Metode yang sering digunakan untuk pemisahan senyawa pada ekstrak
adalah metode kromatografi. Metode kromatografi dibagi menjadi dua yaitu
kromatografi lapis tipis dan kromatografi kolom. Kromatografi lapis tipis
digunakan untuk tujuan kualitatif sedangkan kromatografi kolom untuk tujuan
kuantitatif. Menurut (Haznawati, 2012) terdapat salah satu peralatan laboratorium
yang biasanya digunakan untuk memisahkan komponen - komponen dalam
campuran antara dua fase pelarut yang memiliki massa jenis berbeda yang tidak
tercampur yaitu corong pisah.
20
2.6 Tinjauan Tentang Pelarut
Pelarut merupakan zat yang digunakan untuk melarutkan zat lain atau suatu
obat dalam sediaan larutan (Ansel, 2005). Hal utama yang harus diperhatikan
dalam pemilihan pelarut pada proses ekstraksi dan fraksinasi adalah mengetahui
sifat dari metabolit sekunder yang akan diisolasi dari suatu tanaman karena dalam
proses ekstraksi untuk memperoleh senyawa yang diinginkan harus menggunakan
pelarut yang sesuai. Suatu senyawa polar akan lebih mudah larut pada pelarut
polar sedangkan suatu senyawa non polar lebih mudah larut pada senyawa non
polar (Romadanu et al., 2014)
Hal yang sangat berpengaruh terhadap daya larut adalah polaritas pelarut.
Indikator kelarutan pelarut dapat ditentukan dari nilai konstanta dielektrik dan
nilai polaritas pelarut. Besarnya nilai polaritas pelarut proporsional dengan
konstanta dielektriknya. Konstanta dielektrikum dinyatakan sebagai gaya tolak
menolak antara dua pertikel yang bermuatan listrik dalam suatu molekul. Pelarut
organik dapat dibedakan menjadi dua menurut konstanta dielektrikumnya antara
lain pelarut polar dan pelarut non- polar. Semakin tinggi konstanta
dielektrikumnya maka pelarut bersifat semakin polar (Febryanto, 2017)

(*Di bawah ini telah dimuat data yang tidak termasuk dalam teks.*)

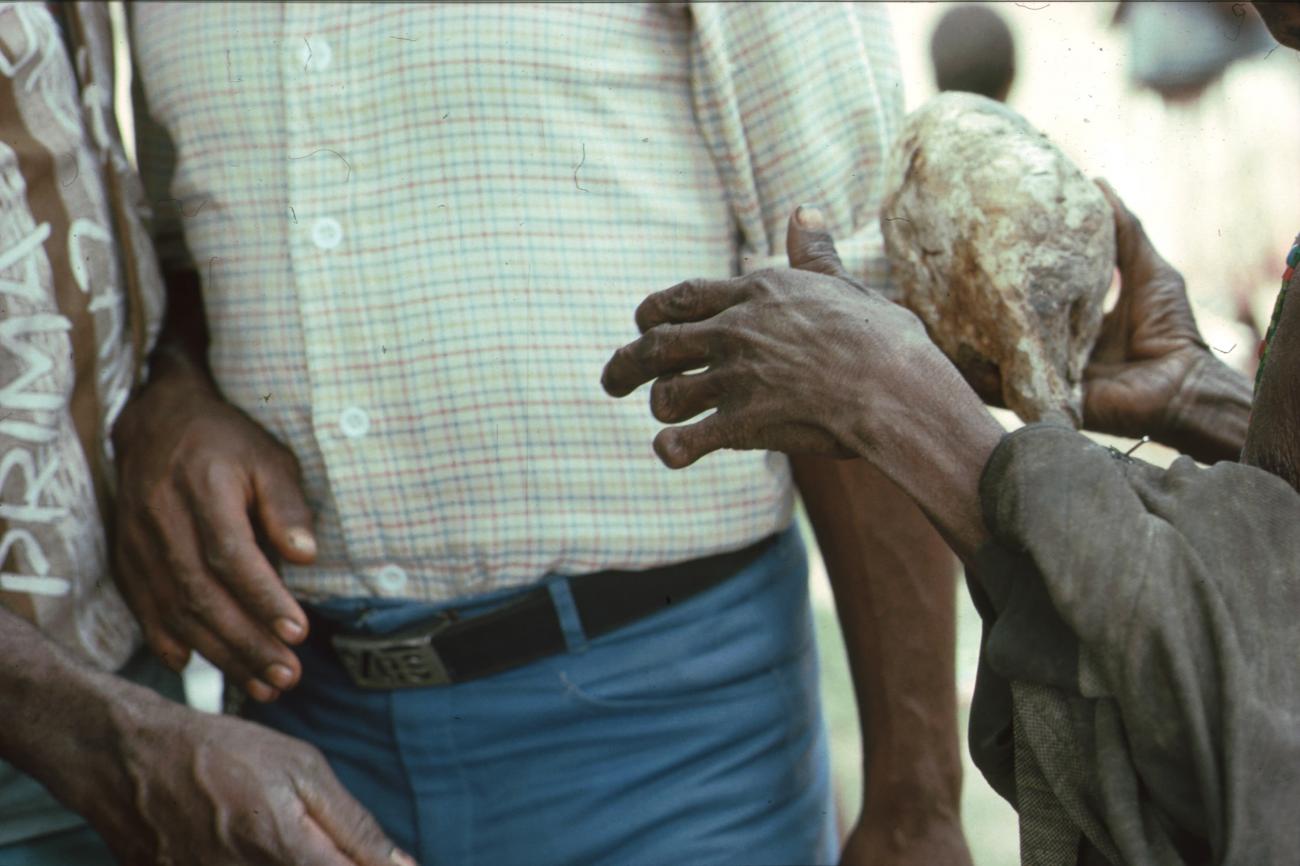 BD/166/337 -
Person with cassowary Skull in hand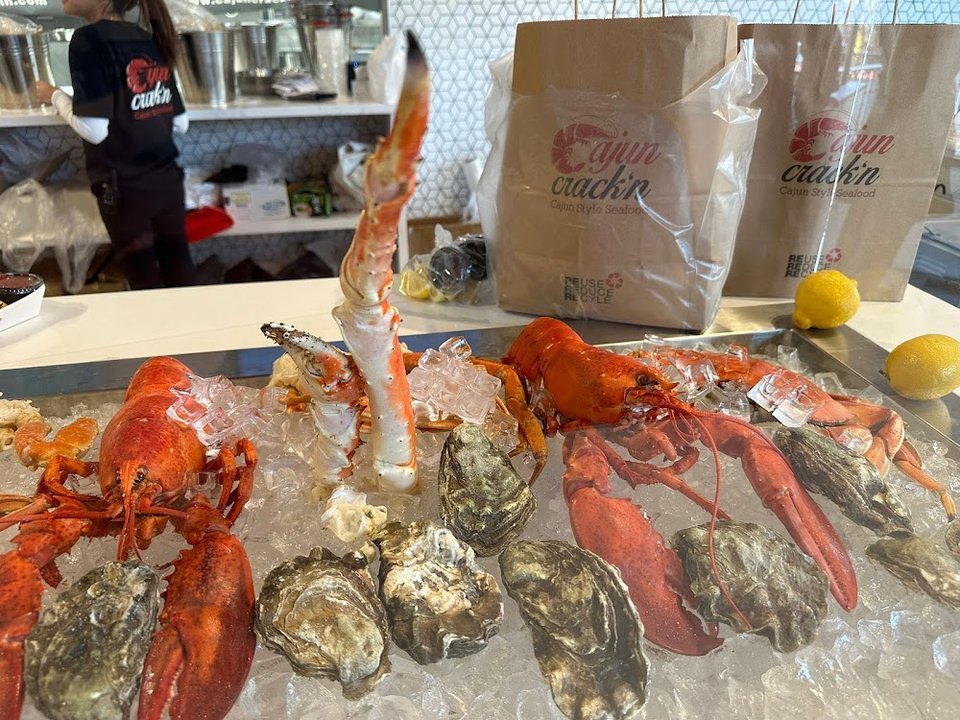 Seafood restaurant menu with Cajun-style selections.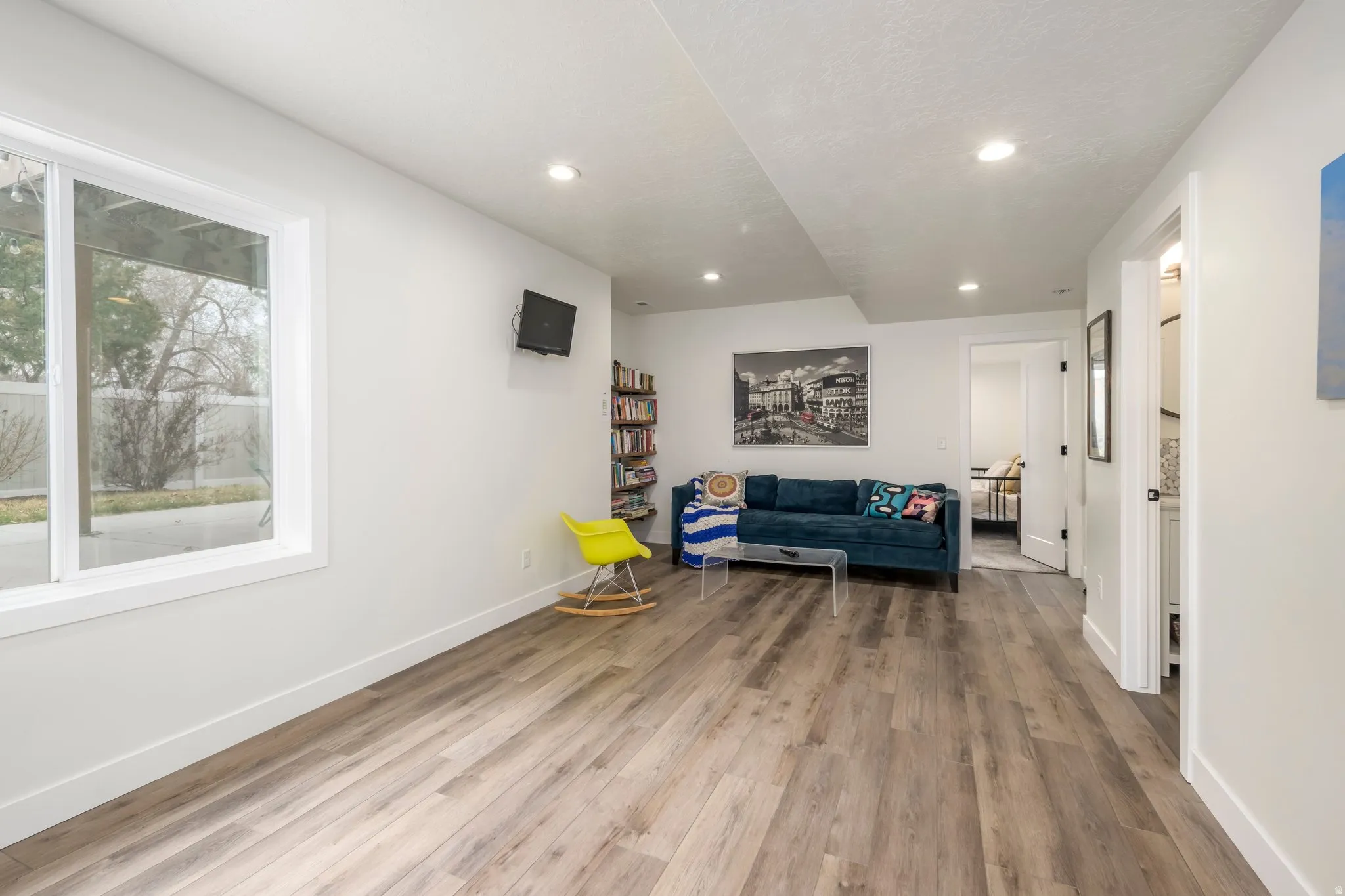 Sitting room with light wood-style flooring and recessed lighting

Pada penelitian ini pelarut yang digunakan adalah etanol dimana etanol itu
sendiri merupakan pelarut yang serbaguna. Etanol dapat menyatu dengan air dan
dengan sebagian besar bahan organik yang bersifat cair termasuk zat cair,
termasuk zat cair nonpolar seperti hidrokarbon alifatik. Etanol juga digunakan
sebagai pelarut dalam melarutkan bahan obat-obatan. Etanol (etil alkohol)
mempunyai rumus kimia C2H5OH, memiliki sifat mudah terbakar, titik cair -
114,30C dan titik didih 78,40C.
Ekstraksi menggunakan pelarut etanol atau metanol biasa digunakan untuk
mengekstraksi kandungan kimia tanaman yang berupa komponen aromatik atau
komponen organik jenuh. Umumnya pelarut yang digunakan untuk mengekstraksi
komponen yang aktiv sebagai antimikroba digunakan pelarut metanol, etanol dan
air. Pelarut yang digunakan untuk mengekstraksi simplisia pada industri obat
tradisional menggunakan etanol, air atau campuran etanol-air. (Zainab, 2013)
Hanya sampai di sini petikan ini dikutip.